Performance-wise, qwen2.5-coder:7b runs smoothly on my setup (AMD Ryzen 9, 64GB RAM, no dedicated GPU). CPU usage spikes during inference but stays manageable.

What Didn't Work

Large diffs overwhelm the model. Anything over 1000 lines produces generic, surface-level feedback. The model loses context and starts repeating itself. I added a check to skip reviews if the diff exceeds 800 lines and post a message saying "Diff too large for automated review."

False positives on style issues. The model sometimes flags intentional design choices as problems. For example, it suggested breaking up a 50-line function that was deliberately kept together for clarity. I tuned the prompt to focus more on logic and security, less on style, which helped but didn't eliminate the issue.
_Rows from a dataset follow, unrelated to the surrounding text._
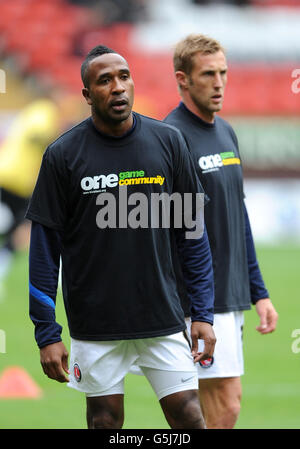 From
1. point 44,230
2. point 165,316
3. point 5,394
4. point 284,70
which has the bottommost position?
point 5,394

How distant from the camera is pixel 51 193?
3.59 metres

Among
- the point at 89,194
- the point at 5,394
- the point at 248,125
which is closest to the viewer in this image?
the point at 89,194

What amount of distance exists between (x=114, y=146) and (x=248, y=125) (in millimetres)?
20099

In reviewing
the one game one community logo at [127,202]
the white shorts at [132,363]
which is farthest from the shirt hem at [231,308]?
the one game one community logo at [127,202]

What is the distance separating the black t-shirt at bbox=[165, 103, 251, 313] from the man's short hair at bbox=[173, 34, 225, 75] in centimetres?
21

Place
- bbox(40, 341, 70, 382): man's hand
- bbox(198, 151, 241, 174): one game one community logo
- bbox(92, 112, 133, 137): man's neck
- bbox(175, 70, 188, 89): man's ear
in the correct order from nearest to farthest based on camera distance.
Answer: bbox(40, 341, 70, 382): man's hand, bbox(92, 112, 133, 137): man's neck, bbox(198, 151, 241, 174): one game one community logo, bbox(175, 70, 188, 89): man's ear

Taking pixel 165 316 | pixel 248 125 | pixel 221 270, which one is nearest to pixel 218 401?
pixel 221 270

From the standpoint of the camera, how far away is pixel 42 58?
2359cm

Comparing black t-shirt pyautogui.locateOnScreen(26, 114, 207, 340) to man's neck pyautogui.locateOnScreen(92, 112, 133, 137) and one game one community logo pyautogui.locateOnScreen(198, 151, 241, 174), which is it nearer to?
man's neck pyautogui.locateOnScreen(92, 112, 133, 137)

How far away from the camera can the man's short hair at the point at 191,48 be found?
4.49 metres

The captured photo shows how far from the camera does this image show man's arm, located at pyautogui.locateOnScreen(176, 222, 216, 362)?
3.66 m

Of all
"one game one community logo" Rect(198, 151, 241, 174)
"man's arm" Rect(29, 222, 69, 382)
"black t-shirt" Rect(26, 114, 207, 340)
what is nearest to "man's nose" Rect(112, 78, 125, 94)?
"black t-shirt" Rect(26, 114, 207, 340) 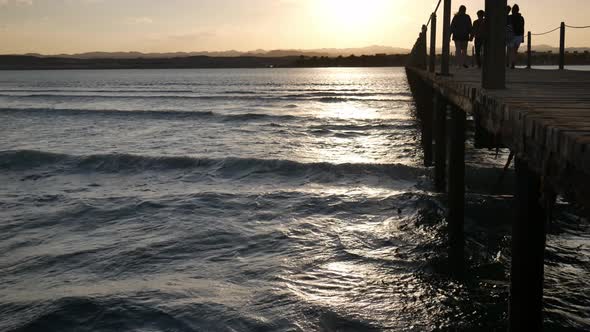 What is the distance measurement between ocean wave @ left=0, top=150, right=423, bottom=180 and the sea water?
94 millimetres

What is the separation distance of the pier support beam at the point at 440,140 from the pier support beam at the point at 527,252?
6.83 m

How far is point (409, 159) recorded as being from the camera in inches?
728

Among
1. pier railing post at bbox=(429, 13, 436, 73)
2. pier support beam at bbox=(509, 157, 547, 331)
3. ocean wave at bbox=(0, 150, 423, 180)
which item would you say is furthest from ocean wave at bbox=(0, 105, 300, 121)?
pier support beam at bbox=(509, 157, 547, 331)

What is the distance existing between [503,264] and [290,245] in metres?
3.47

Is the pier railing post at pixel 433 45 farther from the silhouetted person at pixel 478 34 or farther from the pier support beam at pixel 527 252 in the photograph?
the pier support beam at pixel 527 252

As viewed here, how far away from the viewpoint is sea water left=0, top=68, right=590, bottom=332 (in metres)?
6.93

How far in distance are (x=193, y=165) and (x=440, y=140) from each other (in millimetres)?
8917

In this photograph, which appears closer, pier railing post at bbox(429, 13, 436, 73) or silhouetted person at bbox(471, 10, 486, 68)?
pier railing post at bbox(429, 13, 436, 73)

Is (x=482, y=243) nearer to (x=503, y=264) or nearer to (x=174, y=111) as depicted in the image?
(x=503, y=264)

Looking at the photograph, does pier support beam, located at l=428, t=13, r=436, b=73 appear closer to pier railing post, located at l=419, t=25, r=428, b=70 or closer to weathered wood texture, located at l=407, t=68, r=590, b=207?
pier railing post, located at l=419, t=25, r=428, b=70

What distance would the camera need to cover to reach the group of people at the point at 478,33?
14820mm

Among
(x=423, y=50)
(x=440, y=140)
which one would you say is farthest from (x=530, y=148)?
(x=423, y=50)

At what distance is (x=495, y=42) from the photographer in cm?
527

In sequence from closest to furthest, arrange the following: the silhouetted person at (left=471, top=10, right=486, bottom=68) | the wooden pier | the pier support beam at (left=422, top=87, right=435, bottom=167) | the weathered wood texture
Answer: the weathered wood texture → the wooden pier → the silhouetted person at (left=471, top=10, right=486, bottom=68) → the pier support beam at (left=422, top=87, right=435, bottom=167) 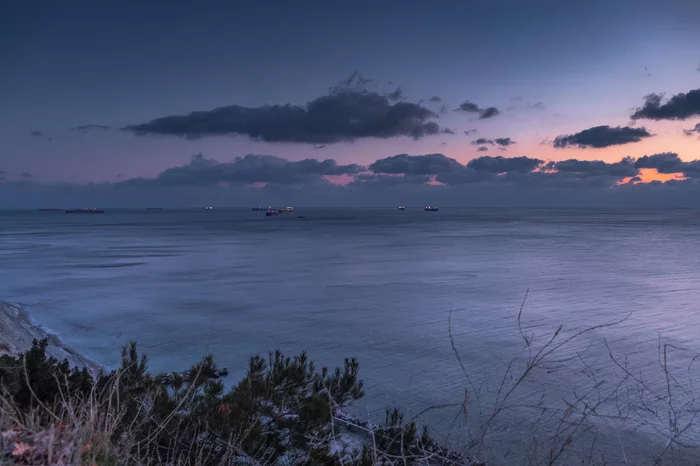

No understanding of project context. The AI only sees the diff, not the broader codebase. It can't know if a function call is valid elsewhere in the project or if a variable is defined in another file. This limits its usefulness for complex changes.

Webhook retries caused duplicate comments. GitLab retries failed webhooks, and if my Flask app crashed mid-request, the retry would post the same comment twice. I added idempotency by checking if a comment with the same content already exists before posting.

Limitations and Trade-offs

This setup is not a replacement for human review. The AI misses nuanced issues, doesn't understand business logic, and sometimes suggests changes that make no sense in context.

It's also not scalable beyond personal use. If multiple merge requests come in simultaneously, the Flask app processes them serially. With a 30-second review time per request, this creates a backlog. I could add a task queue (like Celery), but I haven't needed it yet.

Security-wise, the Flask app trusts the webhook secret token but doesn't validate GitLab's IP range. If someone spoofs the token, they could trigger fake reviews. Not a huge risk on my private network, but worth noting.

Key Takeaways

  • Local AI models are viable for automated code review if you keep expectations realistic.
  • GitLab's webhook system is flexible and easy to integrate with custom services.
  • Ollama's OpenAI-compatible API makes it simple to swap in different models without rewriting code.
  • Diff size matters—smaller, focused changes get better feedback than massive refactors.
  • Always include a way to identify automated comments so reviewers know what's AI-generated.

This system saves me time on initial reviews and catches low-hanging issues automatically. It's not perfect, but it works well enough that I've kept it running for the past few months.